### Requirement
Your task is to copy the records that follow exactly, minus any images.

[Records shown]

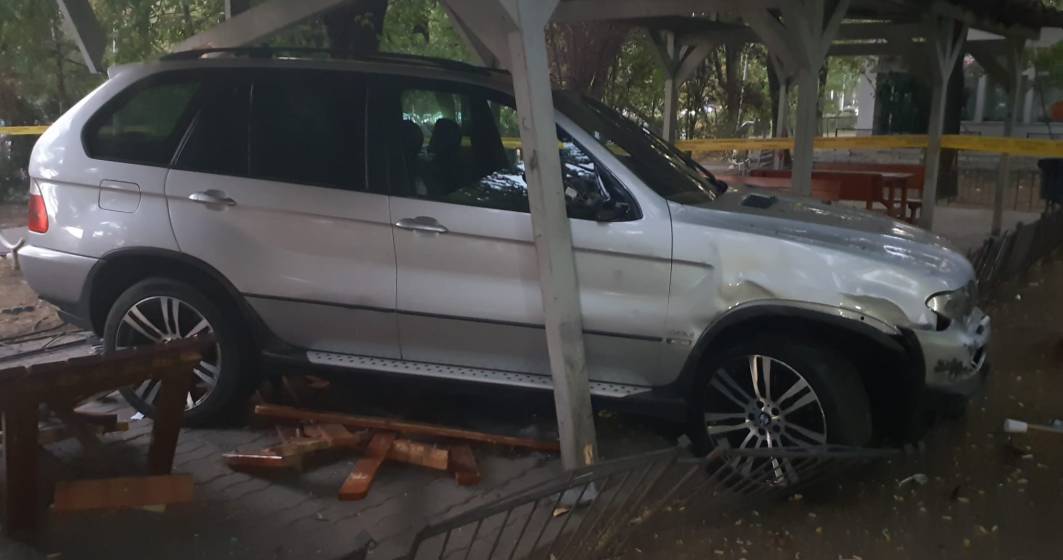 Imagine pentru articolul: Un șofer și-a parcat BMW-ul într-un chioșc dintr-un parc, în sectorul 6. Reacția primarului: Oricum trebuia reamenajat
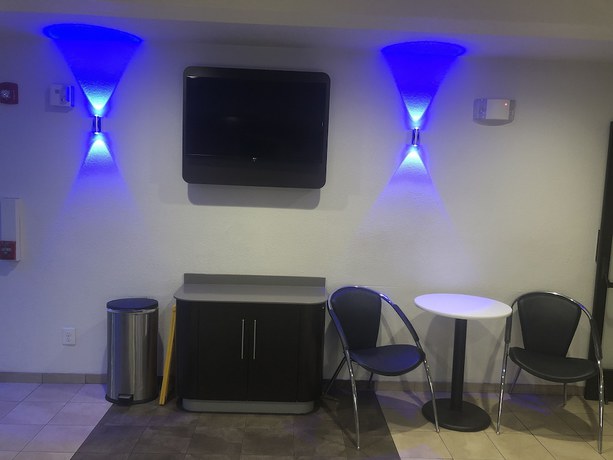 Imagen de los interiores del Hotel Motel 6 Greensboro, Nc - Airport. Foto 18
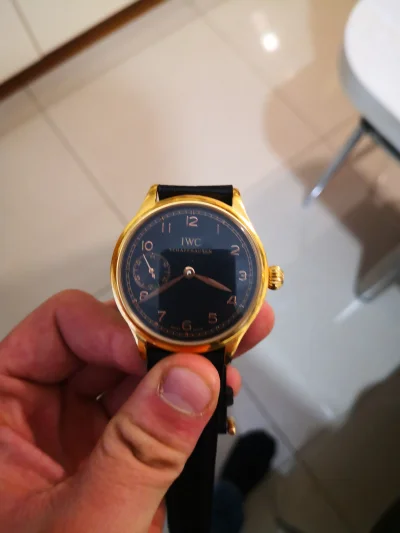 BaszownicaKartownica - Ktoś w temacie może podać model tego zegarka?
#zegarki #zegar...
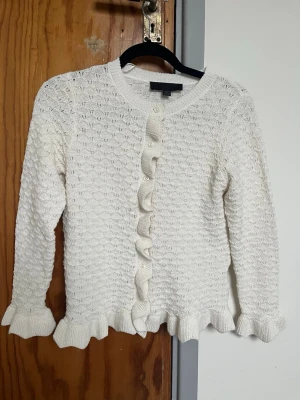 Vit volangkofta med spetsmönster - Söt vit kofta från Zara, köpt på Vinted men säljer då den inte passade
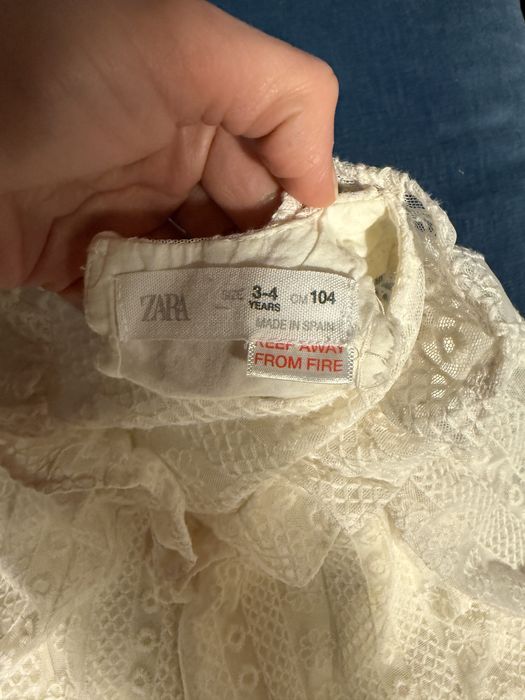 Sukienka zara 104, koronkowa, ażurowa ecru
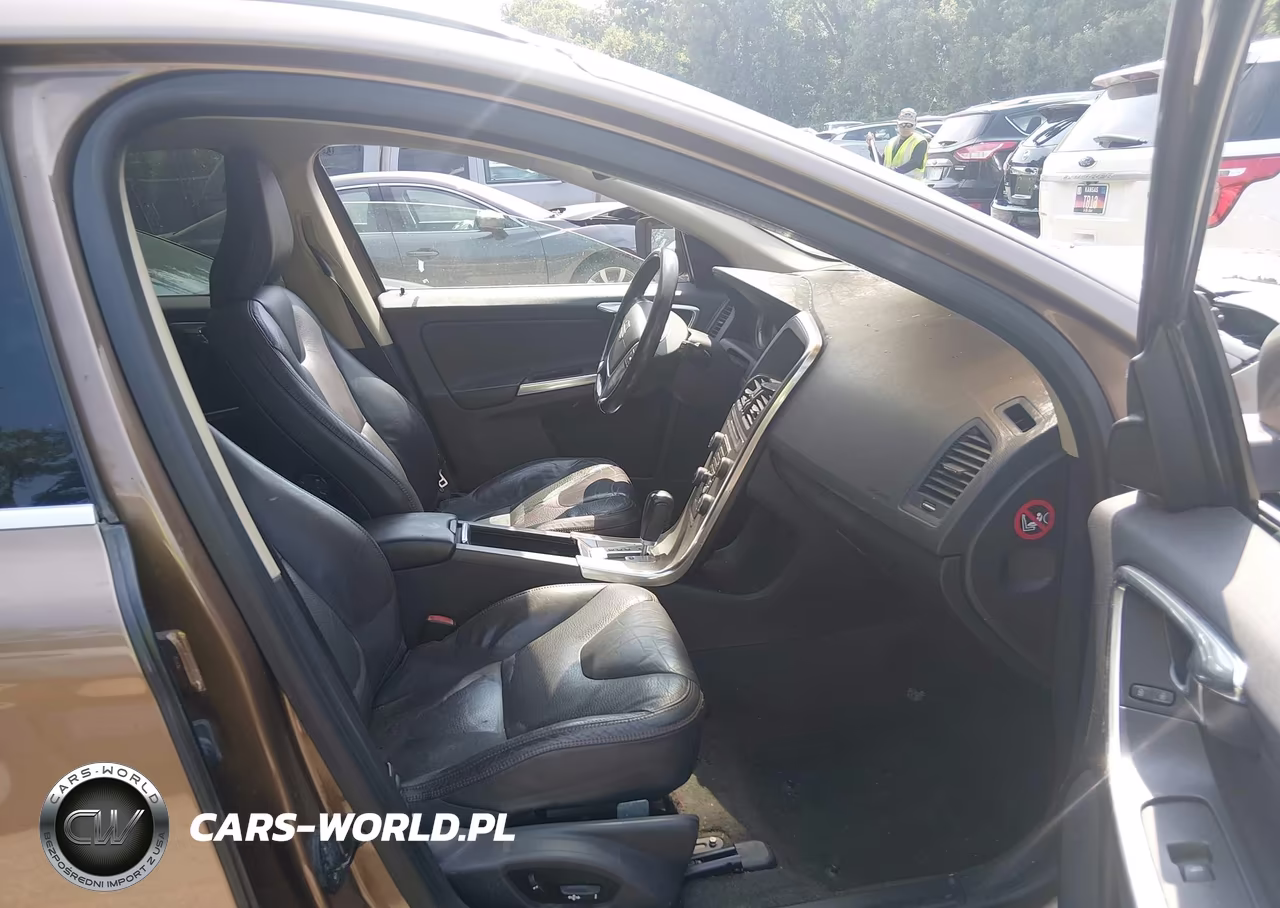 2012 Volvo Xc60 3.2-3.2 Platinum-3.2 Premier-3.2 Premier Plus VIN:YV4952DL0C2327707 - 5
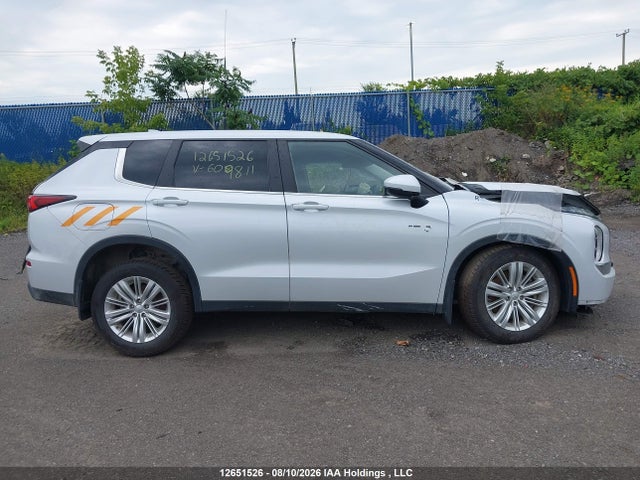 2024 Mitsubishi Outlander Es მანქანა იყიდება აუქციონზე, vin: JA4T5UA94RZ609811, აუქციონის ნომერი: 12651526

[/Records shown]

### Your solution
 Imagine pentru articolul: Un șofer și-a parcat BMW-ul într-un chioșc dintr-un parc, în sectorul 6. Reacția primarului: Oricum trebuia reamenajat
 Imagen de los interiores del Hotel Motel 6 Greensboro, Nc - Airport. Foto 18
 BaszownicaKartownica - Ktoś w temacie może podać model tego zegarka?
#zegarki #zegar...
 Vit volangkofta med spetsmönster - Söt vit kofta från Zara, köpt på Vinted men säljer då den inte passade
 Sukienka zara 104, koronkowa, ażurowa ecru
 2012 Volvo Xc60 3.2-3.2 Platinum-3.2 Premier-3.2 Premier Plus VIN:YV4952DL0C2327707 - 5
 2024 Mitsubishi Outlander Es მანქანა იყიდება აუქციონზე, vin: JA4T5UA94RZ609811, აუქციონის ნომერი: 12651526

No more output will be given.